Dart boards and mismatched chairs do not a dive make.
Recently, I went out for drinks at what my friends had described as a “dive bar.” When I got there I was greeted with a menu of $10 drinks, plush leather seats and tastefully dim lighting. It was a lovely place, and it was definitely not a dive bar.
It's true that in major cities, skyrocketing rents have driven many legitimate dives out of business. But they do still exist. Why can't people correctly identify them? I have a two-part theory. Part one: After years of speakeasies and classy cocktail dens, the bar industry is experiencing a backlash. New bars aim to be overtly casual, and lately there's plenty of kitsch: beer-and-a-shot deals, perhaps a stuffed raccoon perched next to the $90-a-glass Pappy. Part two: Having only ever experienced fancy craft cocktail spots and Irish pubs, late-blooming millennial drinkers are classifying them as “dives.”
I have nothing against this new breed of bar where you can get a good pint as well as a well-made Americano, but we have to stop calling them dive bars. Dart boards and mismatched chairs do not a dive make. So, I've come up with some guidelines. Here, nine ways to tell if you’re in a real dive bar.
1. There’s no menu. Look at the taps, glance down into the fridges below the bar, check the liquor lineup—that’s your menu. As far as cocktails go, stick to straight booze.
2. The most expensive beer is $6. If it’s a really great dive bar, you should be able to get an entire pitcher for less than the price of one beer at a standard pub. You should also be able to order said pitcher for yourself without anyone blinking an eye.
3. The lighting is too bright or too dark. Dive bars have two settings when it comes to lights: on or off. It’s either so dark that you can’t see to the other end of the bar or as bright as a seventh grader’s basement birthday party after mom or dad has come down to make sure everything is on the up and up.
4. There’s at least one elderly regular present at all times. It doesn’t matter what time of day it is, every dive bar needs at least one grizzled old man posted up at the bar. He might be friendly, or he might growl every once in a while. It doesn’t matter; he just needs to be there. Think of him as ambiance.
5. The seats are held together with duct tape. Dive bars don’t spend money on upholstery. How do you think they pour well gin and tonics for $1.75? Duct tape does the job just fine.
6. You’ll only use the bathrooms if it’s an emergency. It’s an unfortunate but necessary quality of a great dive bar. The walls should be thick with graffiti, the floors should be slick and the toilet paper should be nonexistent.
7. There’s a hand-written sign instructing you on the correct vomiting etiquette.
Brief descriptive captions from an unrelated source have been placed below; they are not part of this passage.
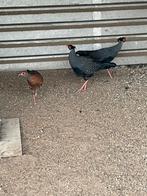 Prelaat fazanten, Dieren en Toebehoren, Vogels | Duiven, Meerdere dieren, Overige soorten
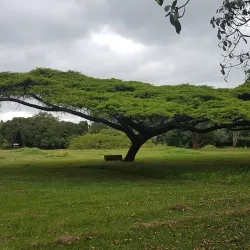 Harare Botanical Gardens - Harare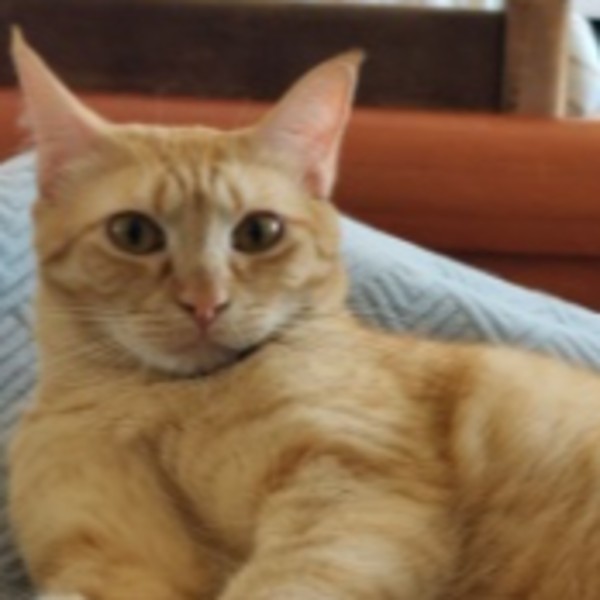 Melba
The bartenders have tired of giving the same speech night after night. “If you’re going to vomit, don’t do it in the sink. Do it in the toilet, like an adult.” Yet another reason to avoid the bathroom.
8. There’s no food, or at least none you'd want to eat. There might be peanuts, some leathery hot dogs or, if you’re really lucky, a jar of pickled eggs, but you don’t go to a dive bar to eat. You go to drink.
9. The most exotic thing on the back bar is a bottle of peach schnapps. Sorry, Negroni lovers, you won’t find Campari at a real dive bar. You’ll find lots of whiskey, some vodka and gin, and a few very dusty bottles of sticky liqueurs—probably relics from the 1980s.